This is the first article in a four-part series explaining the constitutional controversy, now awaiting the Supreme Court’s attention, over same-sex marriage.   At its private Conference on Friday, the Court is scheduled to consider ten separate petitions seeking review of lower court decisions on that issue.  Eight of the petitions deal with the constitutionality of a 1996 federal law, the Defense of Marriage Act, as it applies to gays and lesbians who are already legally married under state law.  One petition deals with a similar state law adopted in 2009 in Arizona for state employees.  And the tenth involves the constitutionality of California’s “Proposition 8,” a voter-approved ban on same-sex marriage in that state.  Today’s first article in the series deals with the choice of a constitutional “standard of review” — that is, the test to be used to judge the validity of any of these laws.  Later articles in the series will deal with the legal arguments for and against same-sex marriage, and with the options the Justices have as they consider the ten petitions.

Analysis

Over the years, and particularly in the last quarter-century, the Supreme Court has issued a number of significant rulings on gay rights, focusing on laws that were challenged as discriminating against individuals because of their sexual identity as gays or lesbians.   In none of those decisions, however, has the Court settled on a specific constitutional standard to be used in gay rights cases; it managed to decide all of them without spelling out what government must prove to justify a law that treats homosexuals differently, and less favorably.

It is possible, of course, that the Court may decide one or more of the currently pending same-sex marriage cases without adopting a binding standard this time, either.  But that issue is energetically debated by all sides in the cases, so it will not be easy for the Justices to leave it entirely untouched.  Because the cases all involve a variation of arguments about constitutional equality or inequality, the Court is likely in considering a review standard to turn to that branch of constitutional law — “equal protection” guarantees under the Fifth Amendment, for federal laws, and under the Fourteenth Amendment, for state or local laws.

There are now three distinctive standards of review under equal protection analysis, and some decisions have relied upon a fourth standard, not very clear-cut but supposedly workable.

Here are the three most explicit standards:

** Rational basis review:  This is clearly the most tolerant of the equal protection standards.   In order to satisfy that test, a law or regulation need only have a “reasonable” link between what the law declares and a “legitimate” government interest.   Such a law can be understood to have such a “rational basis” even if the legislature that enacted it did not spell out such a reason.  If a court can think up a rational basis for a law that allegedly classifies people in differing ways, that is good enough: the law survives.  The courts most often use this test when judging a law that seeks to regulate commercial activity.

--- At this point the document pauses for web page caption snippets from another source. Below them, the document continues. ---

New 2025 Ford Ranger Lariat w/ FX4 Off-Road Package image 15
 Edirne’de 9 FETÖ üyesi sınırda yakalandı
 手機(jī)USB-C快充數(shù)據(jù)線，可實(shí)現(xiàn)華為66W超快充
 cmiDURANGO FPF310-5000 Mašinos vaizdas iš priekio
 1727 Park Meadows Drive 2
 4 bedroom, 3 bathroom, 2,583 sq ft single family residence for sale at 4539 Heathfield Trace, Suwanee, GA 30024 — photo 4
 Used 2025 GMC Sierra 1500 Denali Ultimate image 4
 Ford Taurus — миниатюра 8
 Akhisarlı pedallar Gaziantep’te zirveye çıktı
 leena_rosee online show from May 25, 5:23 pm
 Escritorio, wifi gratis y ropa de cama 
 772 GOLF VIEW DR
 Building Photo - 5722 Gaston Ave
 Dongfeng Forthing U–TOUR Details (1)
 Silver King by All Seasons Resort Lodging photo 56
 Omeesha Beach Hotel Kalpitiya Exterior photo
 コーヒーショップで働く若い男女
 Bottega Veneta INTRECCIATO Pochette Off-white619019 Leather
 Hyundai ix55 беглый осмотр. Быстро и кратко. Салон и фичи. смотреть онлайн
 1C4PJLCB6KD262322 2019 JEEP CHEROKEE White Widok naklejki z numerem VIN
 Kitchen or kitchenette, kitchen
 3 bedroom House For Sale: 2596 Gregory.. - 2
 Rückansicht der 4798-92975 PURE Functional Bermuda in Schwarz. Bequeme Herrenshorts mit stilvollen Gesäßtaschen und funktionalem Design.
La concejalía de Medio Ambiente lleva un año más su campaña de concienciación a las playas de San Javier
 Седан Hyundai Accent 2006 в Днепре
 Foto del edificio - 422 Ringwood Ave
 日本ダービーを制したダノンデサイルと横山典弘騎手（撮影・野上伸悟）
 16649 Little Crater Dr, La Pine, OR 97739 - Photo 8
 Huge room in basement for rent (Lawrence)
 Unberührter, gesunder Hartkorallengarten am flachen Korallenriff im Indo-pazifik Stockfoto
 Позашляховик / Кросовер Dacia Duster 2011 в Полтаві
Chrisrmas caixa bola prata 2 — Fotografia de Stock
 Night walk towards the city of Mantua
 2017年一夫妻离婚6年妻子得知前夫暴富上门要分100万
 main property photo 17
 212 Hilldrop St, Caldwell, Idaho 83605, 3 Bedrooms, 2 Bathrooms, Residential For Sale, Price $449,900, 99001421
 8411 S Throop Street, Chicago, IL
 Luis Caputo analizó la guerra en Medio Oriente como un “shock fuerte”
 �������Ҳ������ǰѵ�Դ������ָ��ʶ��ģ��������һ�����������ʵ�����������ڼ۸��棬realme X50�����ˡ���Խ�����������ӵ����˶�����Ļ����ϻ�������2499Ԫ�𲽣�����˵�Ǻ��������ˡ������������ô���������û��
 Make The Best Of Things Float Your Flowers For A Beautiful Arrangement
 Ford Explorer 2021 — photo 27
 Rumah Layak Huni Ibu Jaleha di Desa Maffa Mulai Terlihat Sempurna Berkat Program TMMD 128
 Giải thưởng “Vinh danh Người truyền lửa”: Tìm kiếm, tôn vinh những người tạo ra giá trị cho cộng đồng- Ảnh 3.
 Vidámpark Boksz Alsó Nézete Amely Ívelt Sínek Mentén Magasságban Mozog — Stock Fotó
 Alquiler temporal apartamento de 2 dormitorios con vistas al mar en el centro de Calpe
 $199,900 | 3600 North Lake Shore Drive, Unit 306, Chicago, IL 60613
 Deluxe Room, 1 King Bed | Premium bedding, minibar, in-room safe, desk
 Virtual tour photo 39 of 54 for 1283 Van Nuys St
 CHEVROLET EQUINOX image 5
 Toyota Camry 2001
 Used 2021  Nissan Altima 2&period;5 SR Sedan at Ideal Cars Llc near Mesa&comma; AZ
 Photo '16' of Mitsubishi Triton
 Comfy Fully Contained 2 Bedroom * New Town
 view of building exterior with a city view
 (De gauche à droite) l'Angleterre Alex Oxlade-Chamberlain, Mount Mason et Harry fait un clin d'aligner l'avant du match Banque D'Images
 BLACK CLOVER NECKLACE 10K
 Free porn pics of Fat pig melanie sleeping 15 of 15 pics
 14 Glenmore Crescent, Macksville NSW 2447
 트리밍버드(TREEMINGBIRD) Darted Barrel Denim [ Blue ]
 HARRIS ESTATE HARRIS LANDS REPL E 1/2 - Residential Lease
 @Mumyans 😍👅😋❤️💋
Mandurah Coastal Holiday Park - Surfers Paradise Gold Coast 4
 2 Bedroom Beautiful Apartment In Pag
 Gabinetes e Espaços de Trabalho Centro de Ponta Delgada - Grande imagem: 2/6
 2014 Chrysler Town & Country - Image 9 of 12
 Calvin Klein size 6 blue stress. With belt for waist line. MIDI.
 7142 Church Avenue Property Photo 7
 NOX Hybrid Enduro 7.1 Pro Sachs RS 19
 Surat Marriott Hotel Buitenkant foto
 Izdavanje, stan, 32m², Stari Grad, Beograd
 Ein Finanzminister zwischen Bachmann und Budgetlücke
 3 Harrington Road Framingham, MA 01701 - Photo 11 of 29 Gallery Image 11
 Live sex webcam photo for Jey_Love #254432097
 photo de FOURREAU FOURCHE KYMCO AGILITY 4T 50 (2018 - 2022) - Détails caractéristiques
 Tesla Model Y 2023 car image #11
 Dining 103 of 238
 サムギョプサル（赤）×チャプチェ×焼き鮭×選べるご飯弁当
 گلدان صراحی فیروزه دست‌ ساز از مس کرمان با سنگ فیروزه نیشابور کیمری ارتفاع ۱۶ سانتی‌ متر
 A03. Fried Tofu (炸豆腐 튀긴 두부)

** Heightened scrutiny (sometimes labeled “intermediate scrutiny”):  This is the next step up from “rational basis,” and it is, therefore, a more difficult standard to satisfy when a law classifies people based on some asserted difference between them.  In order to meet this test, the government’s interest must be “important,” and not just “legitimate,” and the link between what the law declares and that government interest must be a “substantial” one, not just “reasonable.”  This is the standard that the Supreme Court has specified for laws that treat women differently than men, based on their gender.  It is sometimes spoken of as the test to be used when a law declares a “quasi-suspect classification.”   (“Suspect” in this sense does not mean suspicious; it means a social grouping that has a distinctive identity, whose identity does not affect its capacity to contribute to society, that has suffered a history of discrimination, and that has a comparative lack of political power so that it cannot easily obtain protective laws.)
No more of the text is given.